* **Recorded information**:
------------------------------------------------------------
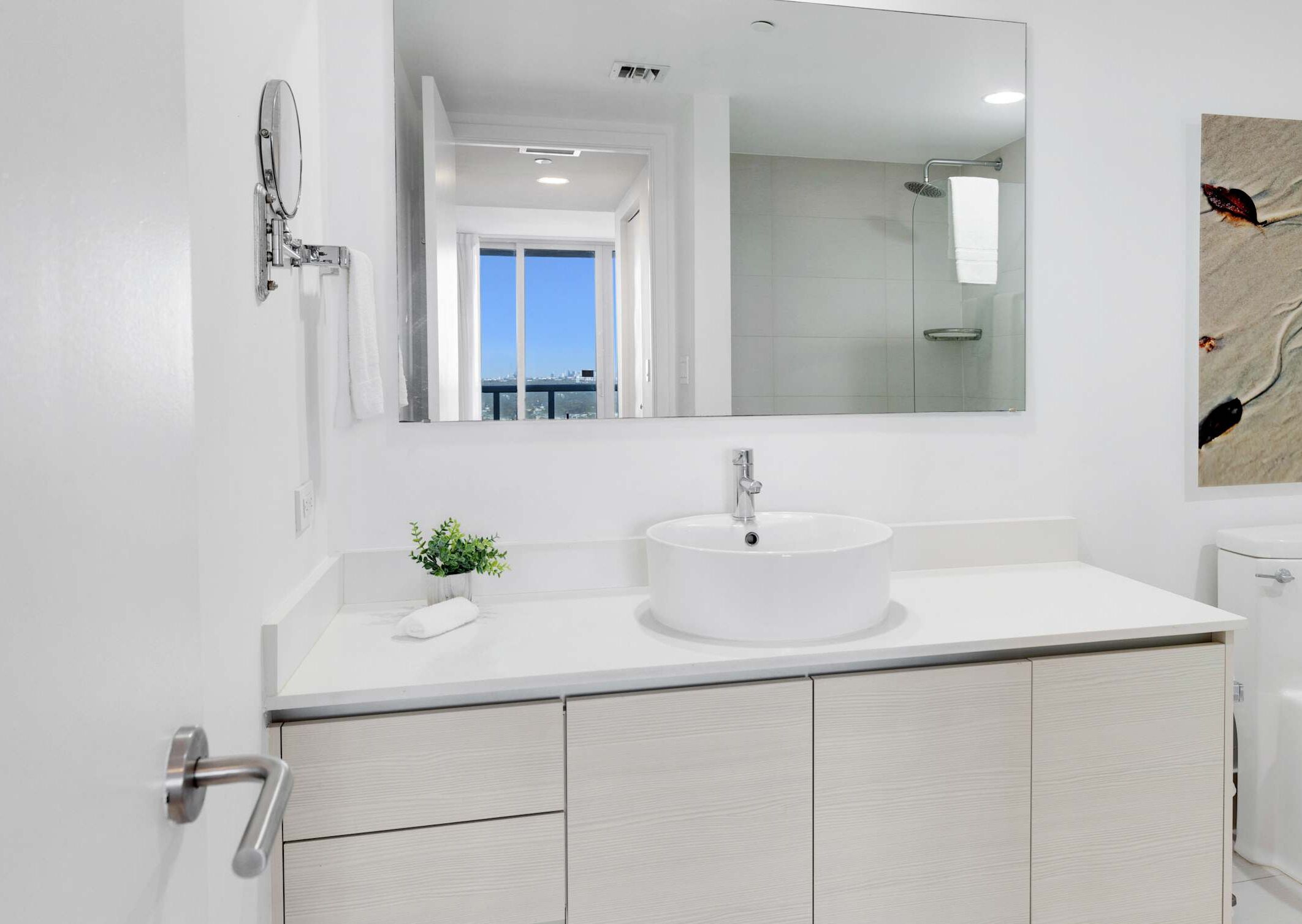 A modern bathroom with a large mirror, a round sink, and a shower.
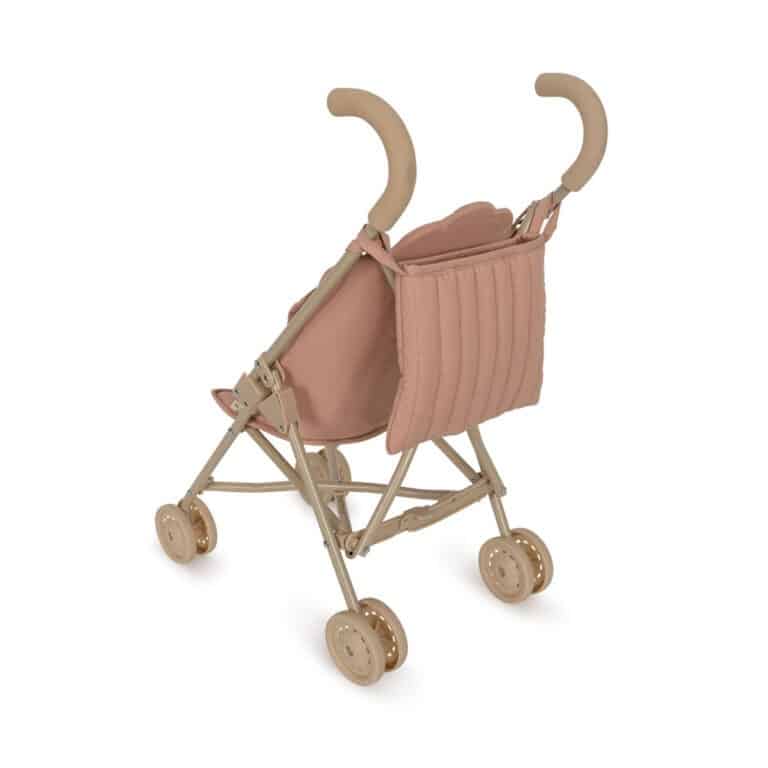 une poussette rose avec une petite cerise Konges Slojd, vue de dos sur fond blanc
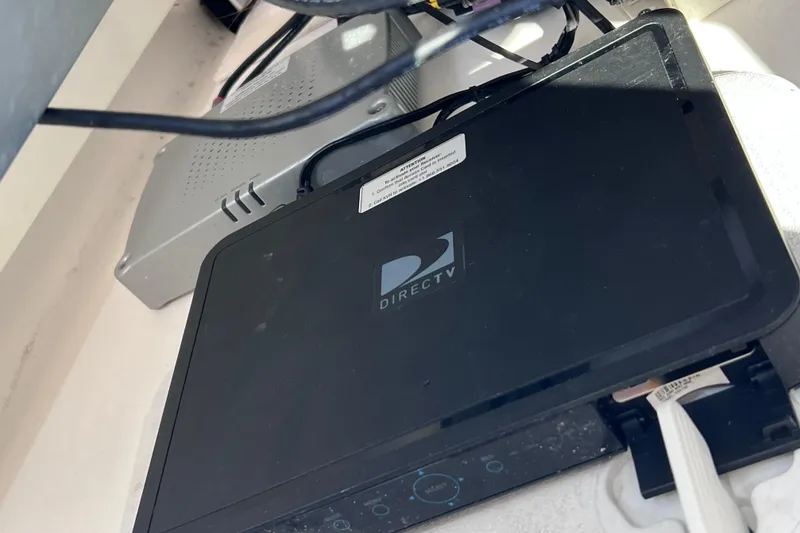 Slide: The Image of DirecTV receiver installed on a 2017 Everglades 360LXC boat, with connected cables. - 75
------------------------------------------------------------
Your job is to repeat the data exactly, leaving each picture out.

* **The answer**:
 A modern bathroom with a large mirror, a round sink, and a shower.
 une poussette rose avec une petite cerise Konges Slojd, vue de dos sur fond blanc
 Slide: The Image of DirecTV receiver installed on a 2017 Everglades 360LXC boat, with connected cables. - 75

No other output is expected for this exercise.